ACI GIFT CARDS, INC. ("ACI") AND ITS AFFILIATES MAKE 
NO WARRANTIES, EXPRESS OR IMPLIED, WITH RESPECT TO GIFT 
CARDS, INCLUDING WITHOUT LIMITATION, ANY EXPRESS OR IMPLIED 
WARRANTY OF MERCHANTABILITY OR FITNESS FOR A PARTICULAR 
PURPOSE. IN THE EVENT A GIFT CARD CODE IS NON-FUNCTIONAL, 
YOUR SOLE REMEDY, AND OUR SOLE LIABILITY, SHALL BE THE 
REPLACEMENT OF SUCH GIFT CARD. CERTAIN STATE LAWS DO NOT 
ALLOW LIMITATIONS ON IMPLIED WARRANTIES OR THE EXCLUSION OR 
LIMITATION OF CERTAIN DAMAGES. IF THESE LAWS APPLY TO YOU, 
SOME OR ALL OF THE ABOVE DISCLAIMERS, EXCLUSIONS, OR 
LIMITATIONS MAY NOT APPLY TO YOU, AND YOU MIGHT HAVE 
ADDITIONAL RIGHTS.
6. Disputes.
Any dispute relating in any way to Amazon.com Gift Cards in which the 
aggregate total claim for relief sought on behalf of one or more 
parties exceeds $7,500 shall be adjudicated in any state or federal 
court in King County, Washington, and you consent to exclusive 
jurisdiction and venue in such courts.
7. General Terms.
Amazon.com Gift Cards are issued by ACI, a Washington corporation. 
When you purchase, receive or redeem an Amazon.com Gift Card, you 
agree that the laws of the State of Washington, without regard to 
principles of conflict of laws, will govern these Gift Card terms and 
conditions. ACI reserves the right to change these terms and 
conditions from time to time in its discretion. All terms and 
conditions are applicable to the extent permitted by law.

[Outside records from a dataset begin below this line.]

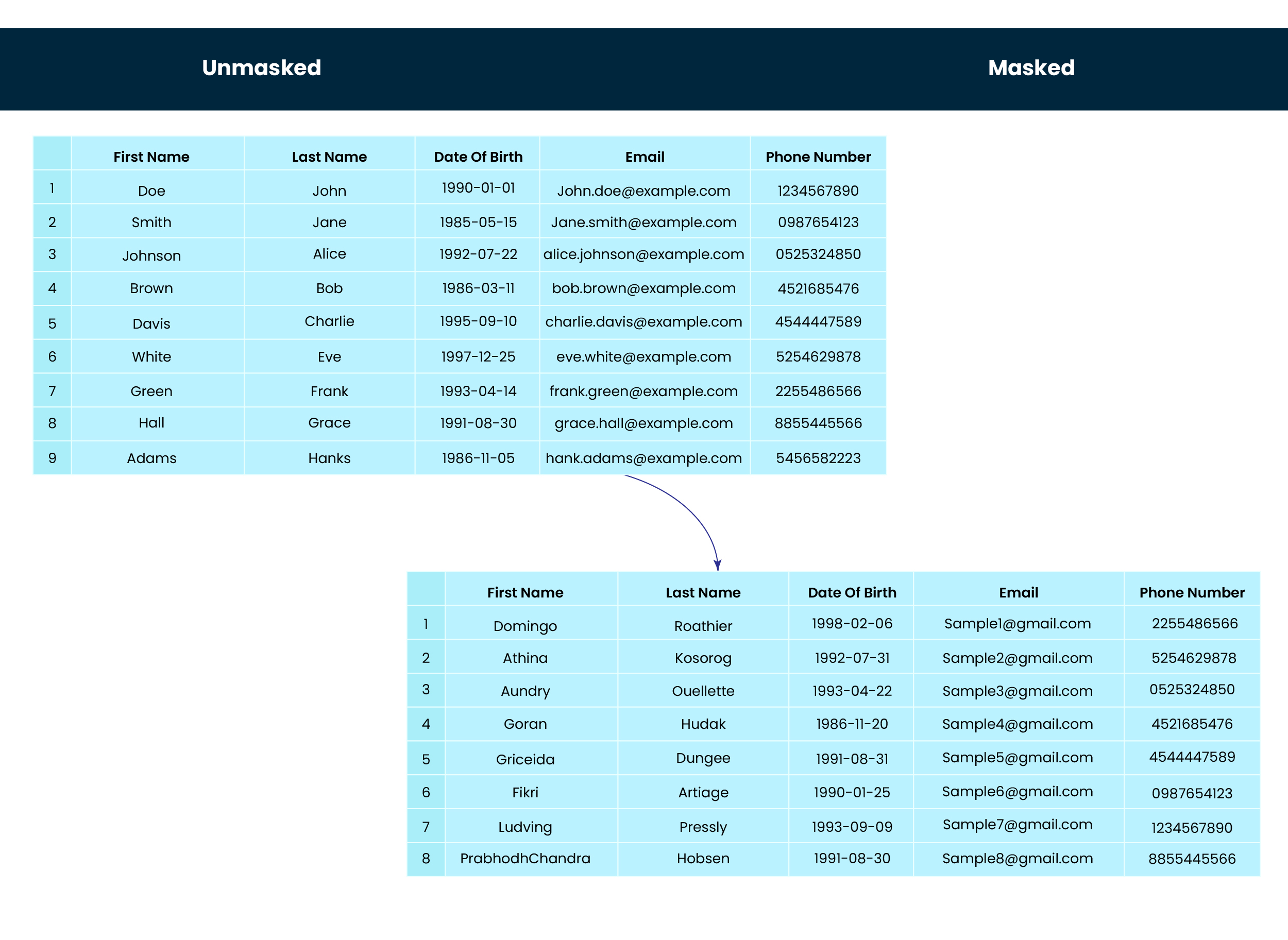 Step-by-Step Integration Guide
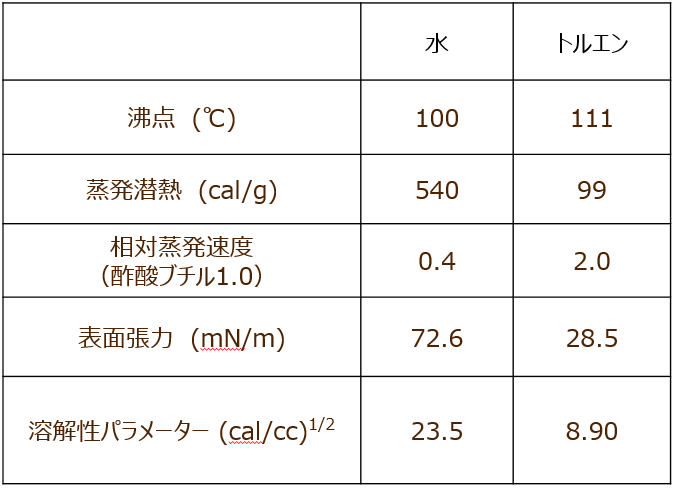 表4-11 水とトルエンの物性値の比較(20)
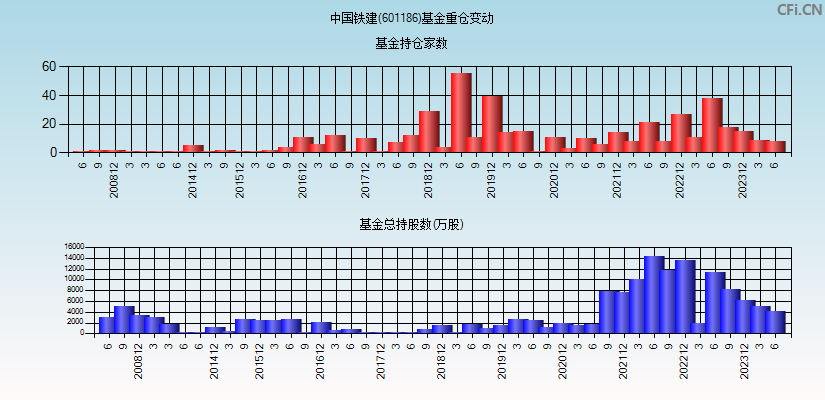 中国铁建(601186)基金重仓变动图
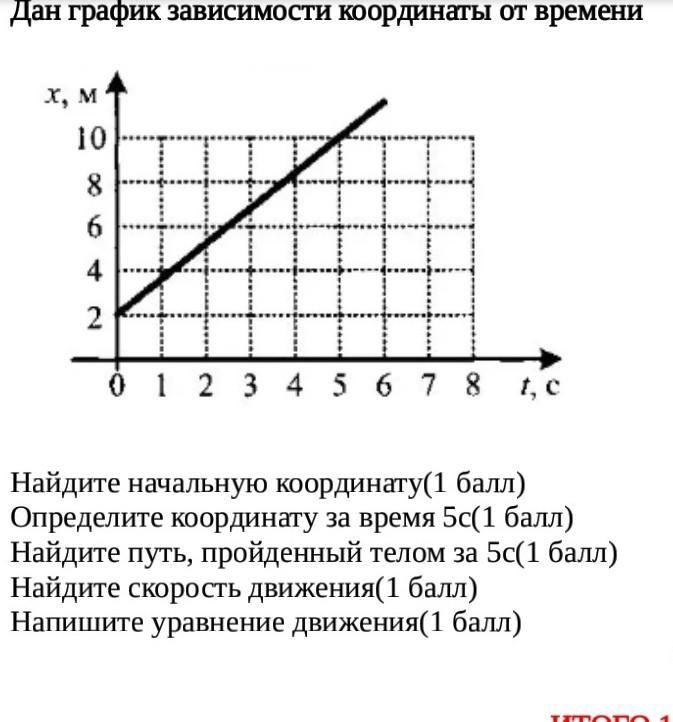 Построить график зависимости координат от времени. График зависимости координаты. Графики координаты от времени. Графики зависимости координаты от времени. Зависимость координаты от времени.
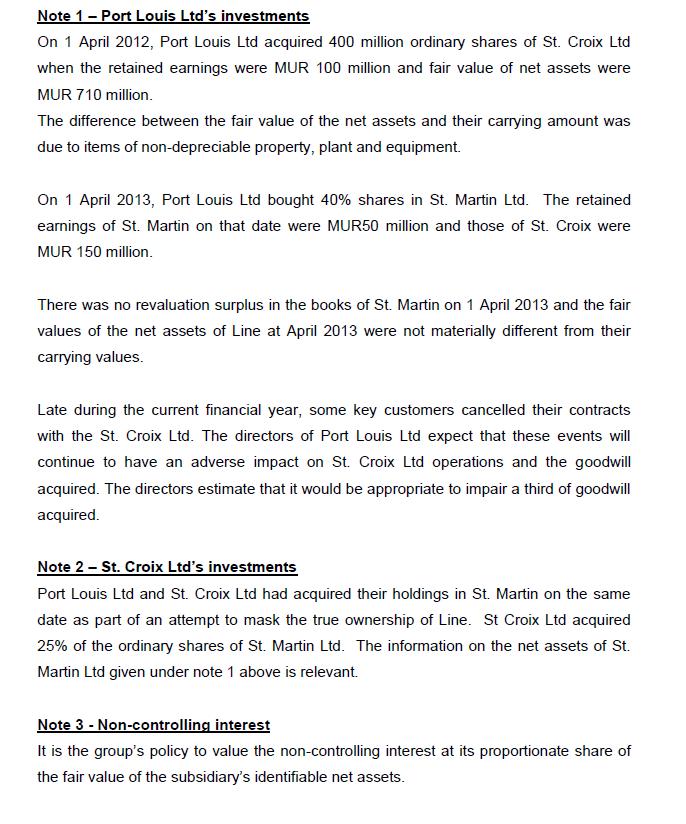 Note 1 - Port Louis Ltds investmentsOn 1 April 2012, Port Louis Ltd acquired 400 million ordinary shares of St. Croix Ltdw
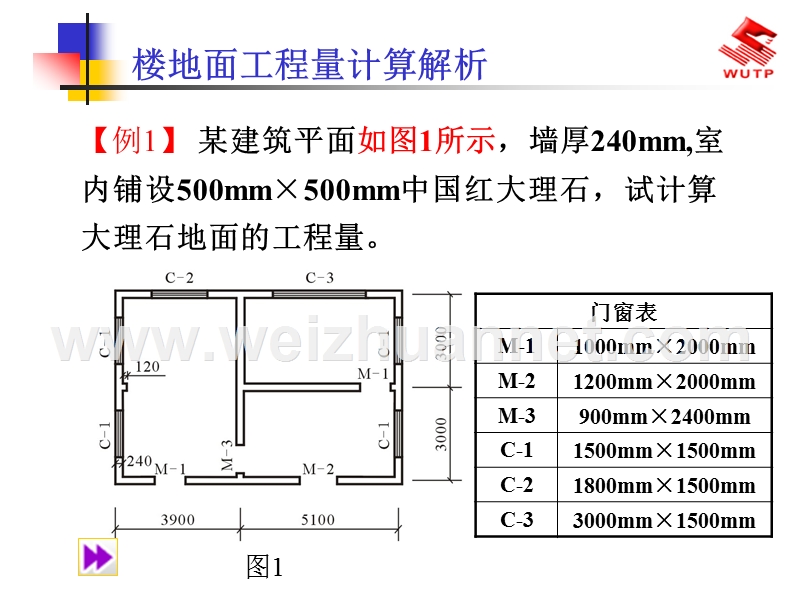 装饰预算例题.ppt_第1页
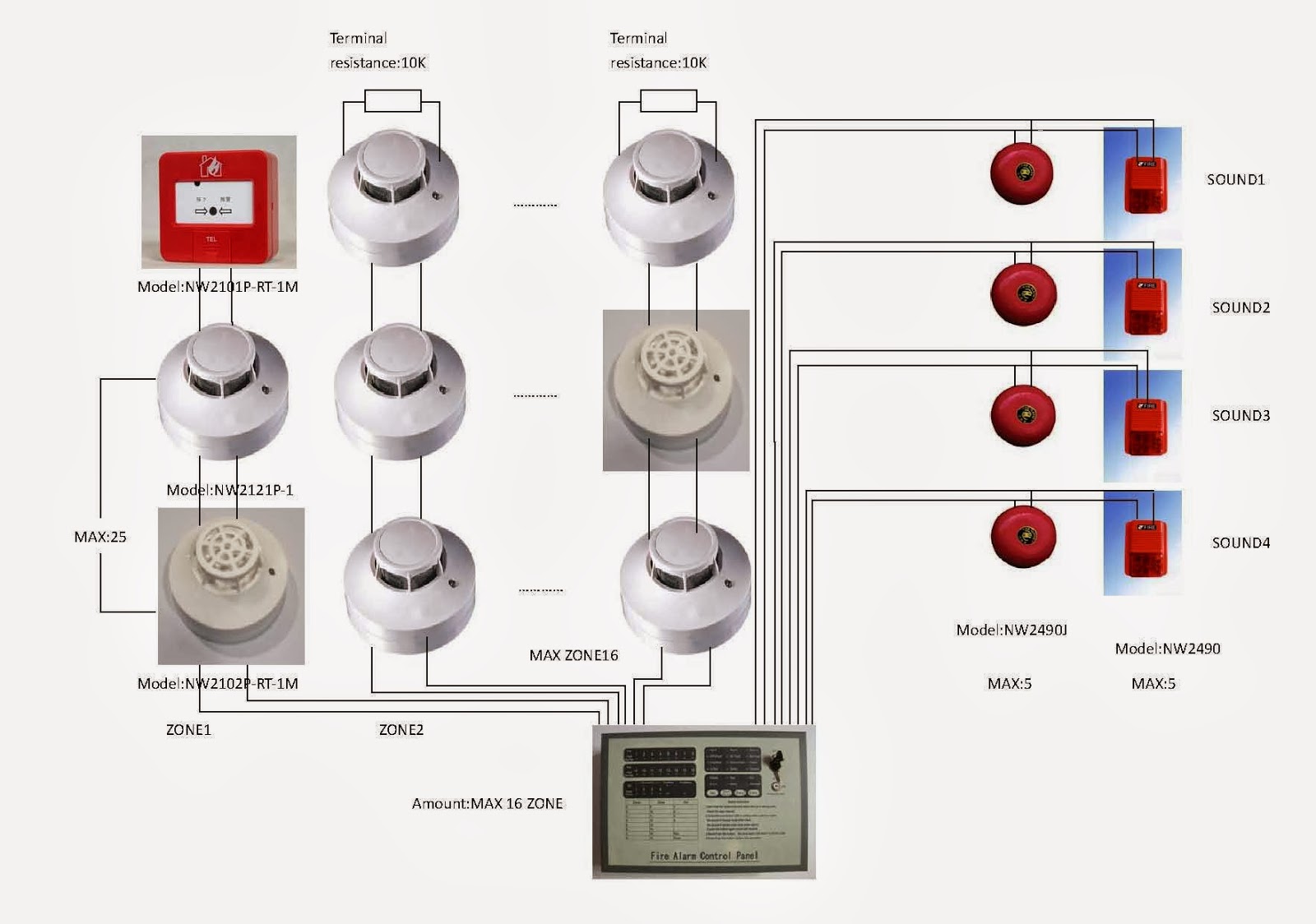 Fire Alarm Systems Wiring Diagram Addressable - wiring diagram creator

Previously Expired Gift Cards:
The expiration date for Gift Cards issued after October 1, 2005 are 
waived and may be redeemed for eligible purchases notwithstanding any 
stated expiration date. Any Gift Cards issued prior to that date expire 
in accordance with their terms. Expiration dates also do not apply for 
such Gift Cards issued in CA, CT, LA, ME, MD, MA, MT, NH, ND, OK, RI, 
VT, WA. Expiration dates do not apply in any other state solely to the 
extent as prohibited or limited by law.


----------



## Guest

I'm thinking it should be safe to try to redeem the code at Amazon just to see what happens.


----------



## Guest

OMG! I applied it to my account and it's REAL!


----------



## Gary in ohio

give amazon a call and find out.


----------